James Edmonds

Personal information
- Full name: James William Edmonds
- Born: 4 June 1951 Smethwick, Staffordshire, England
- Died: 14 June 2011 (aged 60) Sutton Coldfield, Warwickshire, England
- Batting: Right-handed
- Bowling: Left-arm fast-medium

Domestic team information
- 1975: Lancashire

Career statistics
| Competition | First-class |
| Matches | 1 |
| Runs scored | – |
| Batting average | – |
| 100s/50s | –/– |
| Top score | – |
| Balls bowled | 215 |
| Wickets | 3 |
| Bowling average | 27.33 |
| 5 wickets in innings | – |
| 10 wickets in match | – |
| Best bowling | 3/52 |
| Catches/stumpings | –/– |
- Source: Cricinfo, 16 June 2012

= James Edmonds (cricketer) =

English cricketer

James William Edmonds (4 June 1951 – 14 June 2011) was an English cricketer. Edmonds was a right-handed batsman who bowled left-arm fast-medium. He was born at Smethwick, Staffordshire.

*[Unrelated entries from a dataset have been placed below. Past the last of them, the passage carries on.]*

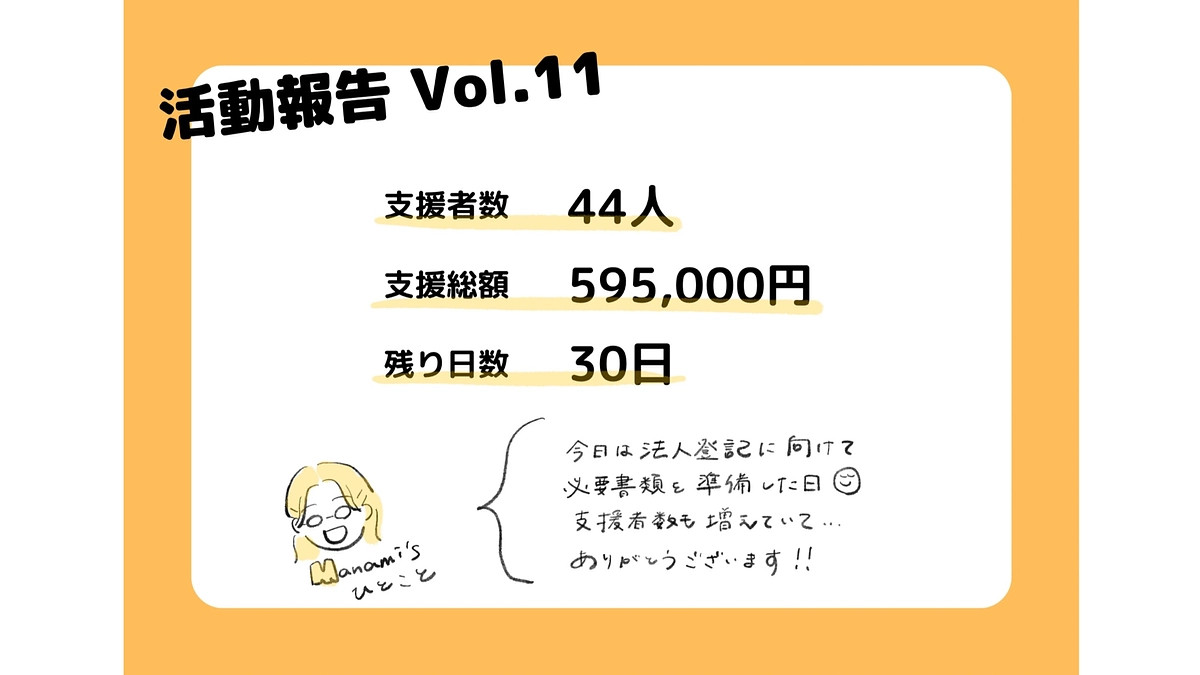 クラファン１１日目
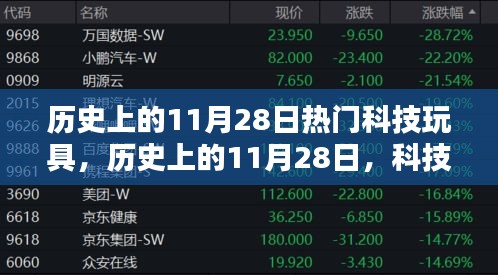 歷史上的11月28日，科技玩具里程碑時刻回顧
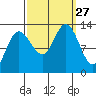 Nismeni Cove tide chart for Saturday, September 27, 2025
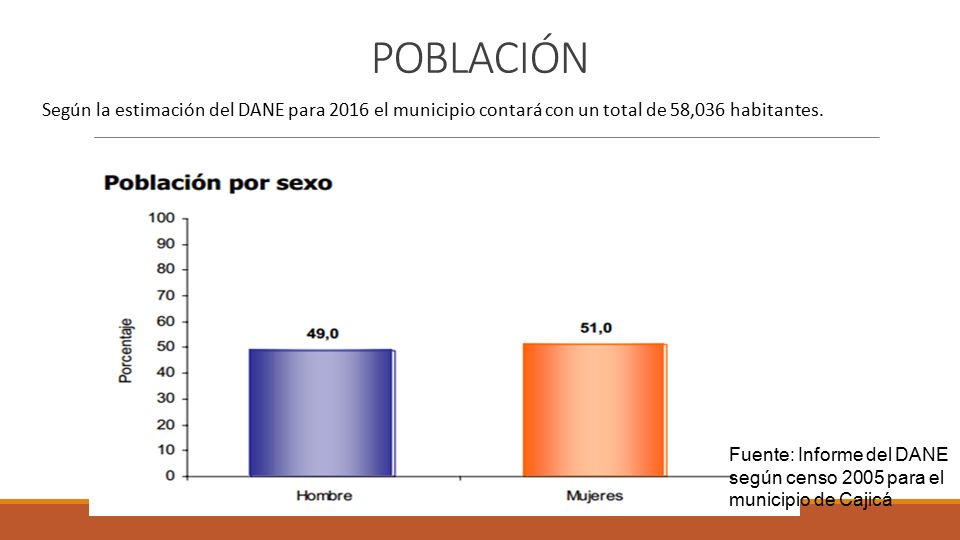 POBLACIÓN Según la estimación del DANE para 2016 el municipio contará con un total de 58,036 habitantes.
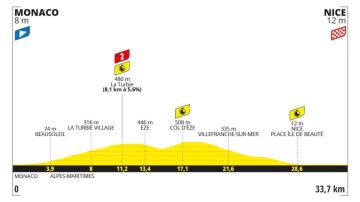 Imagen del perfil y el recorrido de la etapa 21 del Tour de Francia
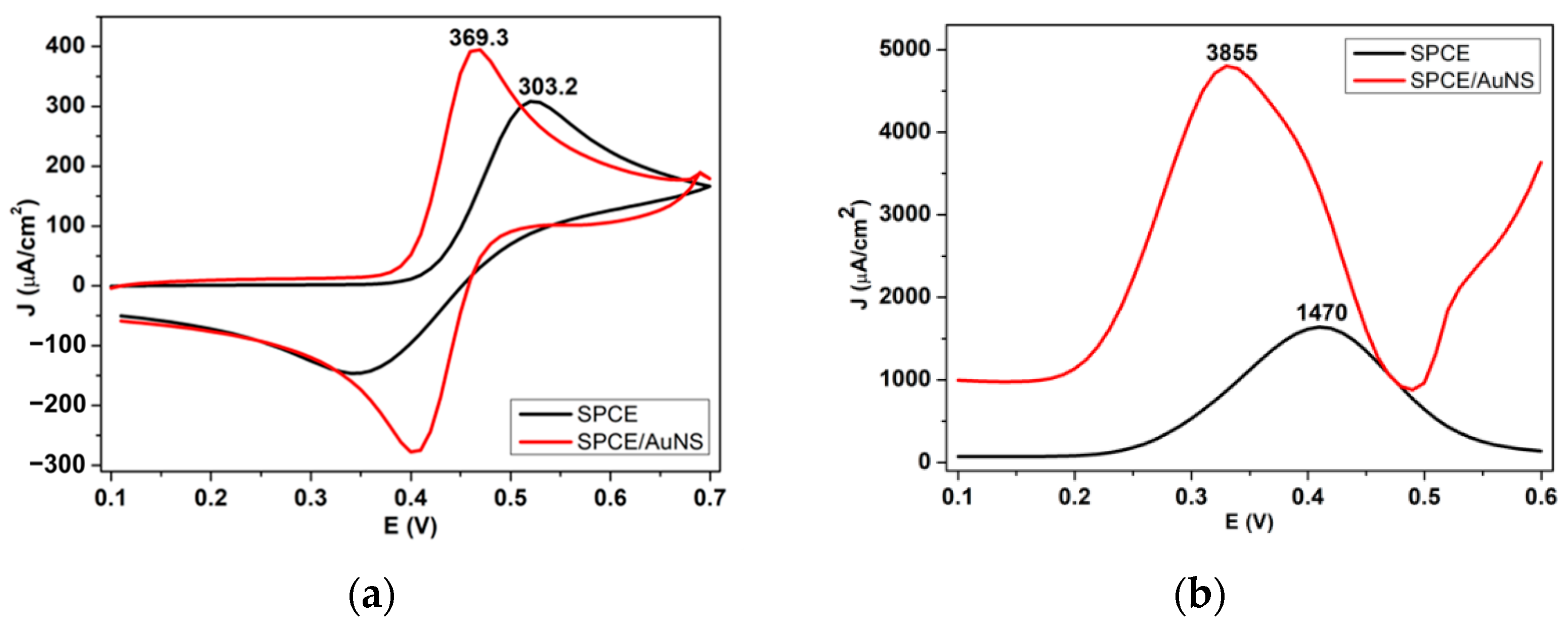 Metals 12 02116 g008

Edmonds made a single first-class appearance for Lancashire against Cambridge University at Fenner's in 1975. Cambridge University won the toss and elected to bat first, making 232 all out in their first-innings, during which Edmonds bowled 20.5 overs for 52, taking the wickets of Richard Smyth, Stephen Wookey, and Mark Allbrook. Lancashire then made 409 declared in their first-innings, during which Edmonds wasn't required to bat. Cambridge University reached 240/6 in their second-innings, at which point the match was declared a draw. This was his only major appearance for Lancashire.

He died at Sutton Coldfield, Warwickshire, on 14 June 2011.